What will be the disruptive technology that starts the slow erosion of commercial businesses away from traditional electric utilities? What technology will dramatically reshape today’s power grids and service providers? Microgrids. The Smart Grid Dictionary defines a microgrid as “A small power system that integrates self-contained generation, distribution, sensors, energy storage, and energy management software with a seamless and synchronized connection to a utility power system, and can operate independently as an island from that system.  Generation includes renewable energy sources and the ability to sell back excess capacity to a utility. On-site microgrid management software includes controls for the power generation, utility connect/disconnect, distribution, and energy storage equipment along with building energy management applications for industrial, commercial, or home use. “

Microgrids, like PBXs, reduce the reliance on a regulated supplier to deliver a commodity like electricity.  Industry research firms are optimistic about microgrid market potential, with projections ranging from $6B in 2020 to $17B by 2017.  Commercial microgrid solution providers are acting on the market opportunity.

In developed economies, microgrids provide energy surety for their owners.  Even if the surrounding grid is experiencing an outage, a microgrid theoretically can provide at least a modicum of power to the most important electricity consumers within its confines.  The term theoretically is emphasized here, because current operational and safety standards require that any grid-tied generation has to shut down if the larger grid experiences an outage.  There are standards bodies working to change this without compromising worker safety, which is of paramount concern for everyone.

Conceptually, a microgrid can put into practice the concept of graceful degradation, which has been a hallmark of computing design for a couple of decades.  PBXs of old (now evolved into IP communications servers) were and are designed to be fault-tolerant, but graceful degradation embodies the intentional design of a system to maintain limited functionality even when parts of it are inoperable.

Unless a microgrid has 100% self-generation capacity and energy storage that won’t be depleted, a graceful degradation scheme might determine that like Animal Farm, “All animals are equal, but some animals are more equal than others.”  On a college campus that operates as a microgrid, unoccupied classroom buildings may be less equal than occupied dormitories, unless there is critical research ongoing in a laboratory worth millions of dollars or human hours of time.

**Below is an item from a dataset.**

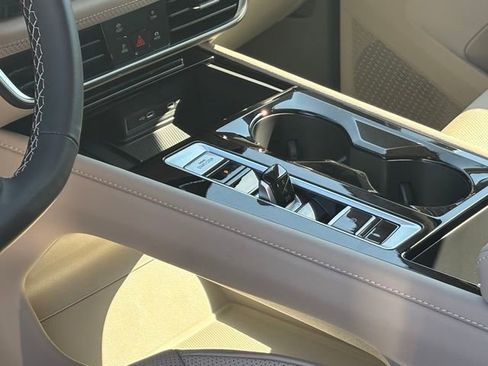 Certified 2025 Volkswagen Atlas SE image 9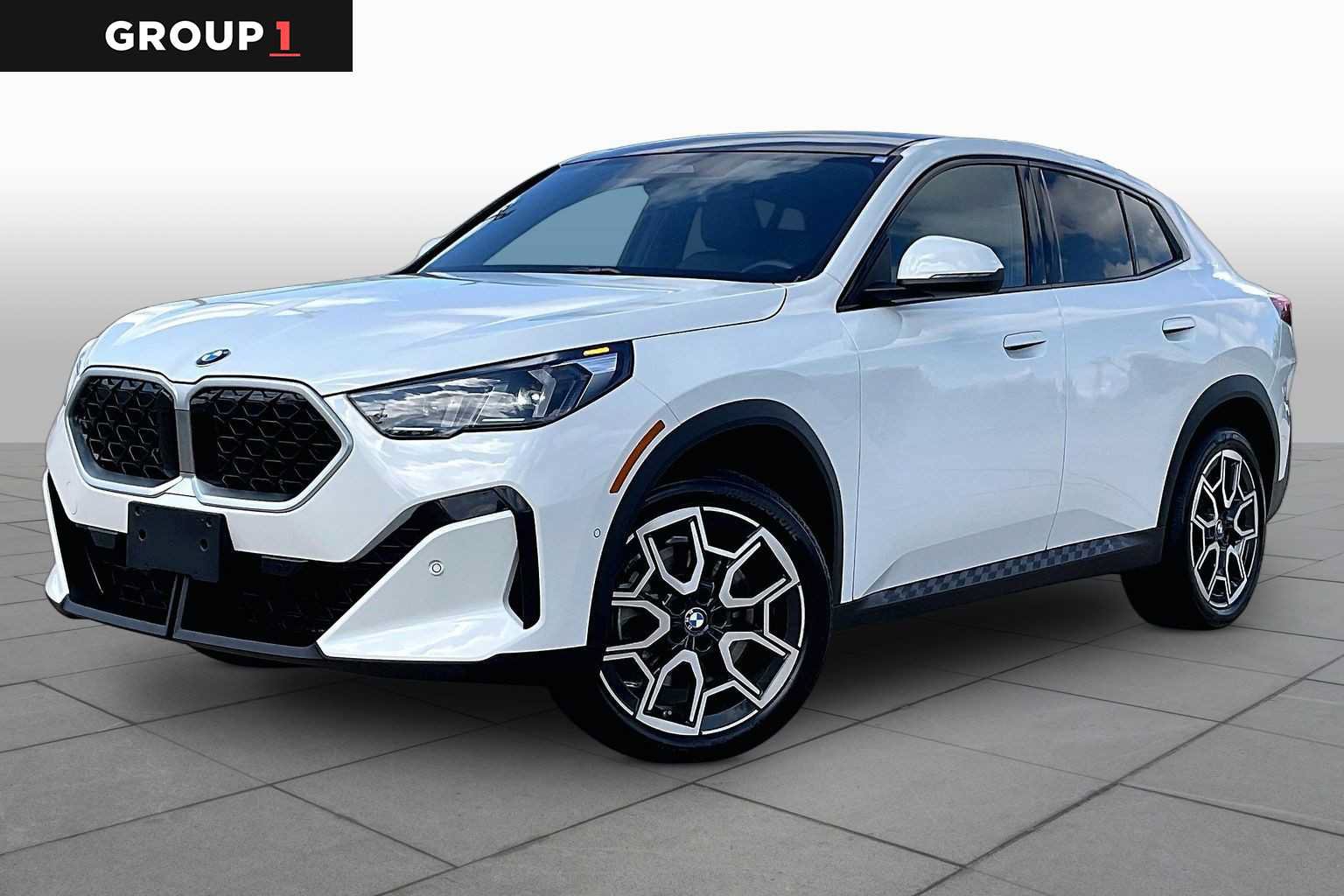 Used 2026 BMW X2 xDrive28i AWD/4WD image 1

In developing countries, microgrids eliminate the traditional electricity supply chain of large, remote and centralized generation, long distance transmission, and low voltage distribution to consumers.  Microgrids hold significant promise to eliminate energy poverty that afflicts over 1 billion humans, according to the International Energy Agency (IEA).  Unless the utility itself is supplying the microgrid in these situations, it’s unlikely that these new consumers will ever have the same sort of buyer/seller relationship that we’re accustomed to in our developed economy and civil structure.

Microgrids will lure the customers with the highest utility bills, who have the most motivation, to seek opportunities to reduce their operating costs and gain more control over their energy security in developed economies.  Will regulators and utilities react in time to ensure that ratepayer bases are not too severely hollowed out, and that overall grid resiliency is realized from the incorporation of microgrids and other distributed energy resources?